困ったことにそれがわからない(誤解している)人は未だ多く、先生の中にもたくさんいます。

 

結果朝の時間に読書をする習慣が未だ根付いてしまっています。

 

朝の読書が無意味とか悪いは思っていませんが、そろそろ無理にしなくてもいいんじゃないか…というのが僕の考えです。

 

手のかかる生徒が一人いるだけでクラスの学力は下がる

いわゆる問題行動と呼ばれるような行動を取る子がクラスに1人いるだけで、そのクラスの学力は下がる傾向にあるとこの本に書かれていました。

 

問題行動とは、授業中に出歩いたり、授業に関係ないことを大きな声でしゃべったりすることです。

 

これも先ほどと同じように問題行動とクラスの学力が、相関関係にあるのか因果関係にあるのかは分かりません。

 

そういった行動をとる生徒に先生が注意することで、授業中の集中力を切らしてしまったり…と言うことも原因かもしれません。

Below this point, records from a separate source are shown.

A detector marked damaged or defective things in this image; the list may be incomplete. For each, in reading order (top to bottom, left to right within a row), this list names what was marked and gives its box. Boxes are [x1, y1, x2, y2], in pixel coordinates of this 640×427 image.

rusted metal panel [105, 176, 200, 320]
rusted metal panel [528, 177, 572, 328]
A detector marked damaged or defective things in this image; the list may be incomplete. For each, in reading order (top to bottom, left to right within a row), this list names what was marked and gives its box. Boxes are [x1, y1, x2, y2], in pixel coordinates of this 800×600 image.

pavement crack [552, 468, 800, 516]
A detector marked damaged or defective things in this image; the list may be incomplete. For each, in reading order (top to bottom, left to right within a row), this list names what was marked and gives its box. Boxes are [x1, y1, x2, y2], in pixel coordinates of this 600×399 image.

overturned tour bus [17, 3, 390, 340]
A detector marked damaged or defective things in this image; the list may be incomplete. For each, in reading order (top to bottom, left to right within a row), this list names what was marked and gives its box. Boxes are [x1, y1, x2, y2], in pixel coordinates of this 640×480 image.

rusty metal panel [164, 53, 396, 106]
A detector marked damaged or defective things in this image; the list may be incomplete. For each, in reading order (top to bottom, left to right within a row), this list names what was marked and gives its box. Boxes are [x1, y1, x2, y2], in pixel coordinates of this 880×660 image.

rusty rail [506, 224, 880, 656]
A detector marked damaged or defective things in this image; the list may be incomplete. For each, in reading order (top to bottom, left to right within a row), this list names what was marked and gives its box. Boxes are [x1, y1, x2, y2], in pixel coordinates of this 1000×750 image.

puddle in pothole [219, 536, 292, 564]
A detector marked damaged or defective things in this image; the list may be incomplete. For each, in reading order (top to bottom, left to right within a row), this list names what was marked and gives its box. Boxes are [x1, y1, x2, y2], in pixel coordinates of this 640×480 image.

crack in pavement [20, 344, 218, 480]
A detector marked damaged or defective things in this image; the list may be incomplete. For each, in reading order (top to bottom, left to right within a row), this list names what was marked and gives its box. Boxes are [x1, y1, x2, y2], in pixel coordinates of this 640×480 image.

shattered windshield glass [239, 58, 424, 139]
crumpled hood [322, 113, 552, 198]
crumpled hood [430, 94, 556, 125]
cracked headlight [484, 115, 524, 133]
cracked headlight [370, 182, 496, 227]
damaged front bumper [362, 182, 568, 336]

職員室でこのことを話題にしたら、「腐ったミカンは実際にあるのか」なんて話になってしまいました。苦笑

ちなみに、いくら優秀な子がクラスにいても、クラスの平均点が上がるわけでは無いのだそうです。

 

少人数指導は学力の低い生徒にのみ有効

少人数指導は、調査の結果から学力の低い生徒にだけ有効であることがわかりました。

 

少人数指導とは、1つのクラスを2つに分け、それぞれを別の先生が授業するといった指導です。

 

本校では数学で行われています。

 

これまでなんとなくですが、1つのクラスを学力の低い子と高い子で分けて指導した場合、それぞれで有効だと思っていました。

 

学力の低い子は間違いを恥ずかしがらずに発表できるようになったり、先生に手厚い指導を受けたり。

 

学力の高い子は難しい問題を解けるようになったり質の高い授業を行ったりすることができると思ったからです。

 

しかしながらこれは思い込みによる勘違いだったかもしれません。

 

確かに言われてみれば学力の低い生徒の方が成績が伸びることが多かったなぁと感じます。

 

学校をエビデンスで紐解く

教育界にはびこる思い込みを科学的根拠をもとにひもといていく。

 

この本はそんな本です。

 

日本の学校、教育界はまだまだこの科学的根拠(エビデンス)に弱いですよね。

 

ようやく最近になって注目されるようになってきましたが…。

 

僕自身は「科学的根拠がないから絶対に無駄だ」と考えている人間ではありません。

 

人と人とが関わる教育だからこそ、まだまだわかっていないことが多くあるのだと思っています。

 

いずれにしてもこういった研究が進んでいき、子供たちにとって我々教師にとって、無理なく無駄な内指導がされていくといいなぁと感じています。

 

最後まで読んでいただきありがとうございました。